American writer (born 1953)

Linda Gray Sexton (born 1953) is an American writer, novelist, and memoirist. She is the daughter of Pulitzer Prize-winning poet Anne Sexton and is known for her work exploring mental health, suicide, family relationships, and the literary legacy of her mother. In addition to publishing both fiction and non-fiction, she has edited posthumous collections of Anne Sexton's writings and authored memoirs that reflect on her own experiences with depression and survival.

==Early life==
She was born in Newton, Massachusetts, the elder daughter of poet Anne Sexton and Alfred Muller "Kayo" Sexton. She graduated from Harvard College in 1975.

Sexton has spoken about the intense emotional environment of her upbringing, marked by her mother’s struggles with mental illness and poetry. She has said that writing became a way to process trauma and preserve memory, particularly in the wake of her mother's suicide when she was 21.

==Career==
In March 1994, she wrote her memoirs of growing up with her mother, titled Searching for Mercy Street: My Journey Back to My Mother, Anne Sexton. The book was originally published by Little, Brown and later reissued by Counterpoint Press in April 2011. Michiko Kakutani, reviewing it, wrote "while Anne Sexton often comes across as a truly monstrous mother, there are also passages of great tenderness in this book ... she writes with compelling urgency and candor".

The book was recognized as a New York Times Notable Book of the Year and was selected as an Editor’s Choice.
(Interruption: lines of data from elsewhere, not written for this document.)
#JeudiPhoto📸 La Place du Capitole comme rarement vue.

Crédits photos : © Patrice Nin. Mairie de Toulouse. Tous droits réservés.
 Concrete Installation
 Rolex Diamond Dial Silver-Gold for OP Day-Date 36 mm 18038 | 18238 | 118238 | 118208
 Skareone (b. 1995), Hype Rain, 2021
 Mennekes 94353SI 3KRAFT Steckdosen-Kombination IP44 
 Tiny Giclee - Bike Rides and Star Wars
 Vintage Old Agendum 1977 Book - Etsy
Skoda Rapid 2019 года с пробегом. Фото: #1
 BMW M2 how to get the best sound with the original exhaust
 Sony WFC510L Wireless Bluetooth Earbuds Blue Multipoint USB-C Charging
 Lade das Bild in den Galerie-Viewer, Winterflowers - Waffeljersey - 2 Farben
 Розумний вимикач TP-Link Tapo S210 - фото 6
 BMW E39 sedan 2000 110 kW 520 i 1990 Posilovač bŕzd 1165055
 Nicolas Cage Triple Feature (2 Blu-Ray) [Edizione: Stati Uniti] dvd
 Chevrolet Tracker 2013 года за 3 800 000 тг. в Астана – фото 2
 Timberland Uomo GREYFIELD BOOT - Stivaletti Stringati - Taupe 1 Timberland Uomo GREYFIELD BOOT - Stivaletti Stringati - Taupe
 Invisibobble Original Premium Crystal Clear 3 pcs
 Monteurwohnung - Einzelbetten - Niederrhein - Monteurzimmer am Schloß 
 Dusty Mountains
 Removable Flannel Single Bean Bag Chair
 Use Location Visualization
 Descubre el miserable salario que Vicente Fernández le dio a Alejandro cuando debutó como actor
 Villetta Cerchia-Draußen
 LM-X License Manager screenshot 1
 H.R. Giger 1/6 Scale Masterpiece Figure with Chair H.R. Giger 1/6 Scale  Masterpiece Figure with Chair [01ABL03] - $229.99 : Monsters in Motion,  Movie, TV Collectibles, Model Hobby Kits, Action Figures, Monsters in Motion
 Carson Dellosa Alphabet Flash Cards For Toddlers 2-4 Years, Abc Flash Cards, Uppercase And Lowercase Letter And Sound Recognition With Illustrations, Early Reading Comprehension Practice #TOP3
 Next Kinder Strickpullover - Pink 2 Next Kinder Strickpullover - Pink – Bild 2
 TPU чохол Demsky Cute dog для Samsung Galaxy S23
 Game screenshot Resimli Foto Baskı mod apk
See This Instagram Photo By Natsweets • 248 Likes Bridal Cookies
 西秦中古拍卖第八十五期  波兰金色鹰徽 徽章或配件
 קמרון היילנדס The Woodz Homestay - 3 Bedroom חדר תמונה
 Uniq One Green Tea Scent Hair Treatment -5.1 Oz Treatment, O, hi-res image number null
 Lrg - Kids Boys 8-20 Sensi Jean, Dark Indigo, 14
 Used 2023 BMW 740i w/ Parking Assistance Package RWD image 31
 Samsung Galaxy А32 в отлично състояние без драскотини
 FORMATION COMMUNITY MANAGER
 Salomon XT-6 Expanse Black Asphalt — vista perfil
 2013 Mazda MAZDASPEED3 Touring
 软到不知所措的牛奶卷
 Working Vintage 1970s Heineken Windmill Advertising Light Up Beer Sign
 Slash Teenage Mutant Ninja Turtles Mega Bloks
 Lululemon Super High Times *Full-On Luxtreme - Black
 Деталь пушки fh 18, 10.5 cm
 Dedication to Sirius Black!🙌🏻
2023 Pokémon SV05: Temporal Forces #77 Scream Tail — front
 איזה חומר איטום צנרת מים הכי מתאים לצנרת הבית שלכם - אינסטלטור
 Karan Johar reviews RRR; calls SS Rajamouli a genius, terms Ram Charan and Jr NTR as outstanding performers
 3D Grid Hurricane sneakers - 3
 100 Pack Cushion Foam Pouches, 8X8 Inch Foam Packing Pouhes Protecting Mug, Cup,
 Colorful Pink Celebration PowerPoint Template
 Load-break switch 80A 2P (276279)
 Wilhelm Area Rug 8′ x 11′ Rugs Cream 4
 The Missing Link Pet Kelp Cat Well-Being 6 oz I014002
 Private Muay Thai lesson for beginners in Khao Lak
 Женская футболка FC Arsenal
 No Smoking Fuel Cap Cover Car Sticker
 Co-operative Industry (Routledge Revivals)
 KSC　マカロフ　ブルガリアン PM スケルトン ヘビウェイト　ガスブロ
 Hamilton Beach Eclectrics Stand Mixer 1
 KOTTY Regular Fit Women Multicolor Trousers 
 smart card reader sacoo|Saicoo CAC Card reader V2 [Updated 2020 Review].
It was also optioned by Miramax Films, with reports that Martin Scorsese showed interest in the project. Her 1988 novel Points of Light was adapted into a Hallmark Hall of Fame television movie for Mother’s Day, starring Marlo Thomas.

Linda Gray Sexton has written several novels and edited posthumous editions of her mother's works. She wrote another memoir, Half in Love: Surviving the Legacy of Suicide, published in 2011, and Erica Jong has written "Linda Sexton’s beautiful book is a cry for health and sanity. It will bring hope and understanding because it explains the way suicide blights families from generation to generation."

In a 2011 interview, she described herself as a “holder of hope,” using her story to help others find resilience in the face of mental illness. Her often deeply personal writing bridges fiction and memoir, and she has spoken about how writing is both a form of healing and of bearing witness.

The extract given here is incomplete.